Ordonnances de mise sous scellés

Une ordonnance de mise sous scellés interdit l'accès à l'information par quiconque, autre que les parties désignées dans l'ordonnance. Une ordonnance de mise sous scellés peut être imposée par le Code criminel ou à la discrétion du tribunal.

Le Code criminel prévoit que tous les documents relatifs à une demande d’autorisation d’écoute électronique sont visés par une ordonnance de mise sous scellés obligatoire. Le Code criminel prévoit que le tribunal qui décerne un mandat de perquisition ou une autre ordonnance judiciaire peut sceller les documents à l’appui.

Pour déterminer si une ordonnance de mise sous scellés devrait être demandée ou si une ordonnance de mise sous scellés existante devrait être levée, la poursuivante doit déterminer si l'ordonnance est nécessaire pour :

  • protéger une enquête policière en cours
  • protéger l’identité d’un dénonciateur confidentiel (il faut se reporter à la directive intitulée Indicateurs confidentiels)
  • protéger les techniques de collecte de renseignements
  • protéger les intérêts des parties innocentes
  • protéger les intérêts personnels.

La poursuivante doit également déterminer si une mise sous scellés partielle ou limitée dans le temps serait appropriée.

Pièces de la cour

Les documents judiciaires et les pièces du tribunal, y compris les déclarations des victimes, sont généralement accessibles au public [lien]. La poursuivante devrait chercher à restreindre l'accès chaque fois que l’accès du public aux pièces peut porter atteinte au droit à un procès équitable, violer la vie privée ou nuire à l'administration de la justice.
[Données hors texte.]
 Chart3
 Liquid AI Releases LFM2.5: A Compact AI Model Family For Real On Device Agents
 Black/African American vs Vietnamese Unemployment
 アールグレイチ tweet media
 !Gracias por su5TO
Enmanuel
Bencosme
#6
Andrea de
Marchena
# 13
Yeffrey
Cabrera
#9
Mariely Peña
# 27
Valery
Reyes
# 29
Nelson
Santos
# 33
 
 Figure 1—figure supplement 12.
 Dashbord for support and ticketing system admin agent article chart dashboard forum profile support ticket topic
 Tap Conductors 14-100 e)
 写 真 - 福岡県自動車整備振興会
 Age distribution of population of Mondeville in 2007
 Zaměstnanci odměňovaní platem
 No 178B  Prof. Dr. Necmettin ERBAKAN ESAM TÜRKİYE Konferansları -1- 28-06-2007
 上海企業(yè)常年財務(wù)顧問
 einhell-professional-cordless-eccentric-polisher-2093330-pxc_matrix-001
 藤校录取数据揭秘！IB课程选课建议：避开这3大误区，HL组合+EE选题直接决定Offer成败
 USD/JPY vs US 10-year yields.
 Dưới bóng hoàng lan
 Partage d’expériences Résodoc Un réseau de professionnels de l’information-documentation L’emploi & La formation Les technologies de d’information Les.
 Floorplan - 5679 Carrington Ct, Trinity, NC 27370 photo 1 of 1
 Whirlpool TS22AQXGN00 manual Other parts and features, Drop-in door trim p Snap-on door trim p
Une ordonnance de mise sous scellés doit être demandée pour limiter l’accès aux pièces contenant de la pornographie juvénile.

Exclusion du public

Le Code criminel permet au tribunal d'ordonner l'exclusion du public de la salle d'audience pour la totalité ou une partie de l’instance criminelle. Pour déterminer si le public devrait être exclu de la salle d’audience, le tribunal est tenu d’envisager toutes les circonstances, y compris l’intérêt de la société à favoriser la dénonciation des infractions et la participation des victimes et des témoins à l’instance criminelle et la capacité du témoin de donner un compte rendu complet et franc.

Avant de demander une ordonnance d’exclusion du public, la poursuivante devrait déterminer si des solutions de rechange à l’ordonnance efficaces sont disponibles dans les circonstances. Il faut se reporter à la directive intitulée Aides au témoignage et accessibilité.